══ Record excerpts ══
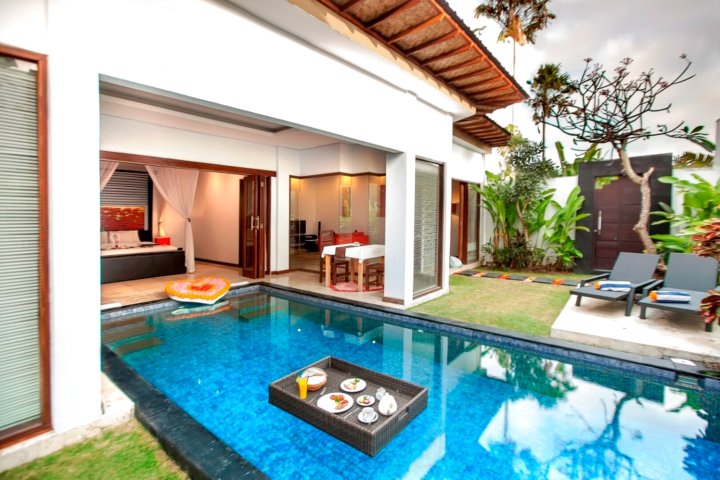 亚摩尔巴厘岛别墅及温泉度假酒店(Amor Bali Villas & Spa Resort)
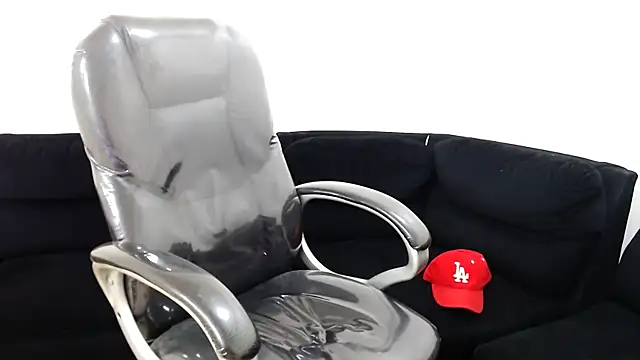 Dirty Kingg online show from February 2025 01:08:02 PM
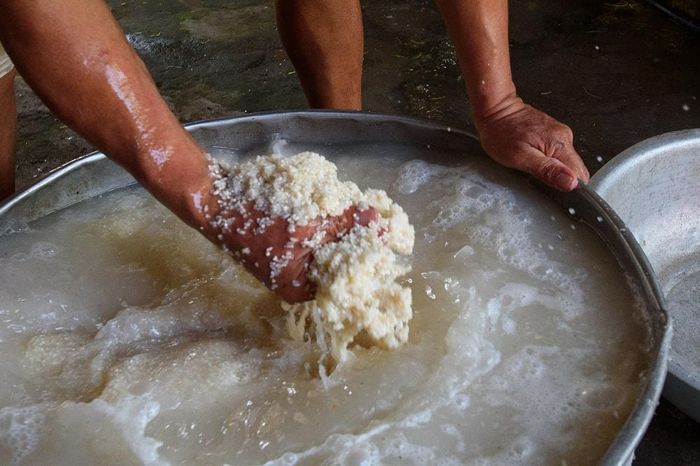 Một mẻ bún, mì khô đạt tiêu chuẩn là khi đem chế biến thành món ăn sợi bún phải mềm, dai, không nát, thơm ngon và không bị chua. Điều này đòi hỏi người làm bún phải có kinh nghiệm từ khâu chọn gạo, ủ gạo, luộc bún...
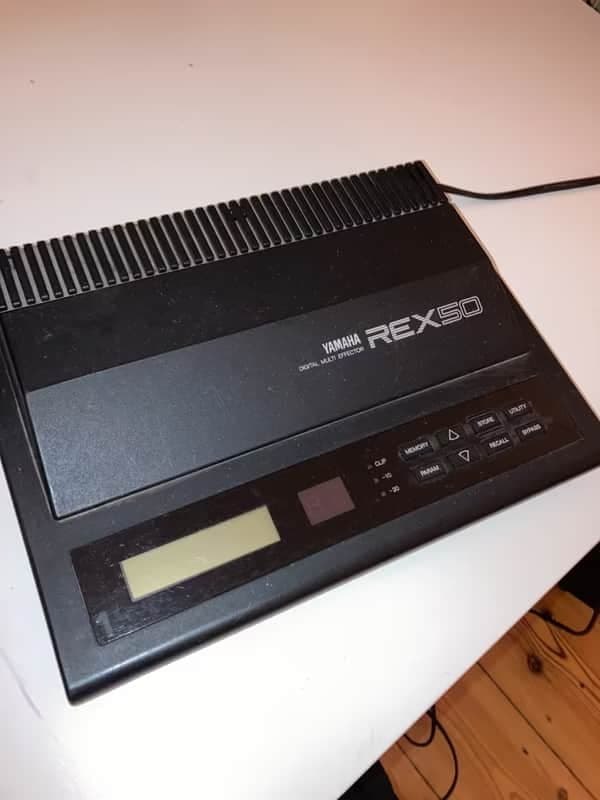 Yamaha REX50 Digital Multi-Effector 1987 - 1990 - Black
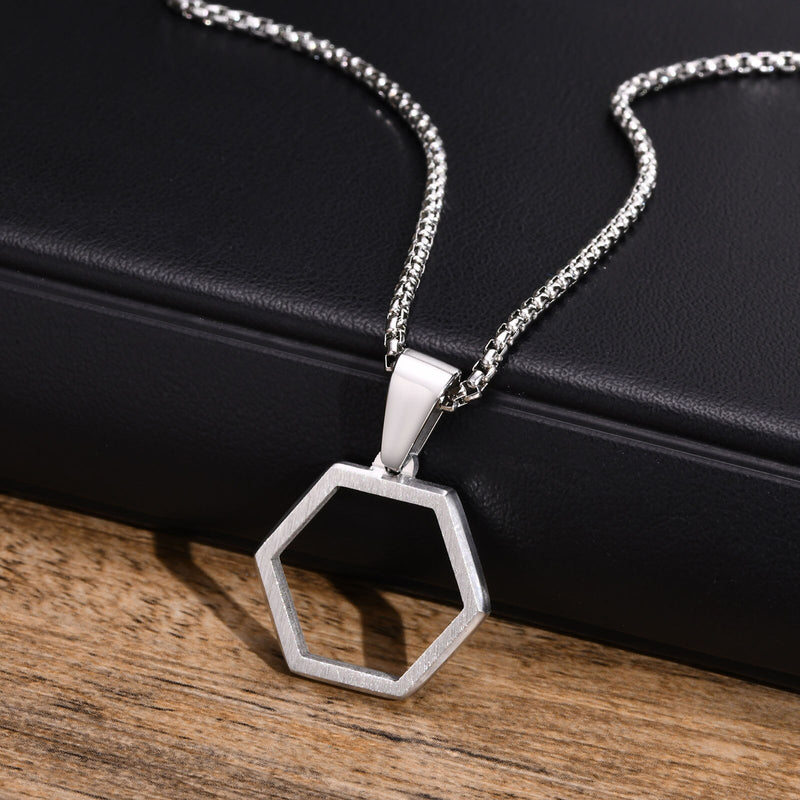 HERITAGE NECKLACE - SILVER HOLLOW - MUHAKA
═══
### Exercise goal
Return only the line with "Yamaha REX50 Digital" and the lines after it up to the end of the records, exact and free of pictures.

### Exercise answer
 Yamaha REX50 Digital Multi-Effector 1987 - 1990 - Black
 HERITAGE NECKLACE - SILVER HOLLOW - MUHAKA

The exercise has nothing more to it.